Keystone XL pipeline company's tactics riling up Texan landowners

LOS ANGELES - President Barack Obama may have nixed a permit for the Keystone XL tar sands pipeline, but that hasn't stopped the Canadian company that wants to build the 1,660-mile structure from going to court to force the cooperation of landowners who don't want the pipeline crossing their land.

The dispute erupted into a noisy protest Friday in Paris, Texas, where farm manager Julia Trigg Crawford has sought a temporary restraining order to prevent the company, TransCanada, from beginning any construction or digging on her property until issues of legal jurisdiction are decided.

TransCanada has sought to dissolve a restraining order granted a week ago, saying it is legally entitled to pursue eminent domain proceedings along the proposed pipeline route under existing state and federal laws - though it says it has no plans to begin any construction or trenching.

The issue has brought conservative tea party groups out to rally alongside environmentalists opposed to tar sands oil production, united behind Crawford's attempt to keep the pipeline from crossing the 600-acre farm in the town of Direct, near Paris, where she fears it could contaminate the creek that irrigates her fields and damage Native American burial artifacts.

"Protect Texas landowners over foreign tar sands pipelines," said many of the signs being marched around outside the Lamar County Courthouse.

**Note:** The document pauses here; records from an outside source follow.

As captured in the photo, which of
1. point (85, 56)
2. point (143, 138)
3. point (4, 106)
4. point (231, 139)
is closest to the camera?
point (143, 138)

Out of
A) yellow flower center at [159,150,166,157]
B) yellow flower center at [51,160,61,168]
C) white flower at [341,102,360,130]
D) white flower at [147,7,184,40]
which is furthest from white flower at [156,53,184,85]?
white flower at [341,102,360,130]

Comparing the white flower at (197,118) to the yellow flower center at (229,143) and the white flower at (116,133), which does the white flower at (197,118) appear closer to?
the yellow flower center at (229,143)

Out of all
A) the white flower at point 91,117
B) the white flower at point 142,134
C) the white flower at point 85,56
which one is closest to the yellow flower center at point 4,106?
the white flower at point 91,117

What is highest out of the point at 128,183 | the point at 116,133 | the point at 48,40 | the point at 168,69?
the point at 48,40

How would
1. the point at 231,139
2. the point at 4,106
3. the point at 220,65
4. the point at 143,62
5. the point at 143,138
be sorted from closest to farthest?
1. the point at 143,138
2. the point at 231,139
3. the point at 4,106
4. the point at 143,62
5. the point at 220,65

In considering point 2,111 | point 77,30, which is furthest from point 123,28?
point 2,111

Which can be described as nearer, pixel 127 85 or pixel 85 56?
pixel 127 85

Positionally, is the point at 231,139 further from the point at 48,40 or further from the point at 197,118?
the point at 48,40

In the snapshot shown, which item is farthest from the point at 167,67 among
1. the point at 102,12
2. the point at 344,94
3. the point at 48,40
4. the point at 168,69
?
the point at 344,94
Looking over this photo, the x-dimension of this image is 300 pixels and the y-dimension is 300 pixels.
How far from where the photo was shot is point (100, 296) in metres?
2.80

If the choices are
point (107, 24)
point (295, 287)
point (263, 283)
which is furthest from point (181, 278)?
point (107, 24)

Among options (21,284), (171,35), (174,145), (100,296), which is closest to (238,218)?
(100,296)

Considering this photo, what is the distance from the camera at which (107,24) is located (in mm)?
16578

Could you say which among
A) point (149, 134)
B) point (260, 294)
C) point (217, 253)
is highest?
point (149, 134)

At least 75 citizens - conservative property rights advocates, gray-haired landowners, environmental activists and even some Occupy protesters - filled the small courtroom.

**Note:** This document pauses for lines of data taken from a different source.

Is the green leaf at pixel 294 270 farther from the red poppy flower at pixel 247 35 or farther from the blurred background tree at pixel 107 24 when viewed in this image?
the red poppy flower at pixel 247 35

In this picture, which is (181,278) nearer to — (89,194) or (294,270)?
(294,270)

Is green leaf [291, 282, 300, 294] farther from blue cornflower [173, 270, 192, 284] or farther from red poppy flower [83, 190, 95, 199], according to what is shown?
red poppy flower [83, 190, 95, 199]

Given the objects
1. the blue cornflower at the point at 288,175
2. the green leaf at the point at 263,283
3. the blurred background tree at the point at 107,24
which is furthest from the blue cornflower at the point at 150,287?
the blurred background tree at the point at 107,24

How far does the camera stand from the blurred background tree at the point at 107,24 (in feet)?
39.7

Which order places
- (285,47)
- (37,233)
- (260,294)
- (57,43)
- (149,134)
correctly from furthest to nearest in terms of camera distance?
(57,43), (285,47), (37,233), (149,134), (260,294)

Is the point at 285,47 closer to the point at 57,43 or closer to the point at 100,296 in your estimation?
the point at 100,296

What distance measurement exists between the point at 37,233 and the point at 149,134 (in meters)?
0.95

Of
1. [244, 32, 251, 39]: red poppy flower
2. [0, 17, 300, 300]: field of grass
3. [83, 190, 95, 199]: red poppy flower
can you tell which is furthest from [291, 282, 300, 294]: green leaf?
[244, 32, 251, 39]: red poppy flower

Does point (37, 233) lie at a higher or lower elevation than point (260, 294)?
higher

"I never got a chance to go before a judge and say, 'Judge, I don't want to give them my land,'" Crawford said in an interview. "Not only do I think the landowners are being bullied, but now they're saying they want to have the right to be able to start construction. And they don't even have a permit."

While Congress and the Obama administration wrestle over a final decision on TransCanada's permit to ship oil into the U.S., the company has quietly continued acquiring easements for the $7 billion project from landowners such as Crawford, who are challenging them.

In Texas, the company already has easement agreements with 99 percent of the landowners along the pipeline route, TransCanada spokesman Terry Cunha said in an email to the Los Angeles Times.

"The eminent domain process is well-established, and we follow the process that is set out by law in each state," he said, adding that the company was committed to treating landowners "with honesty, fairness and respect, to work with them and come up with the best possible solution."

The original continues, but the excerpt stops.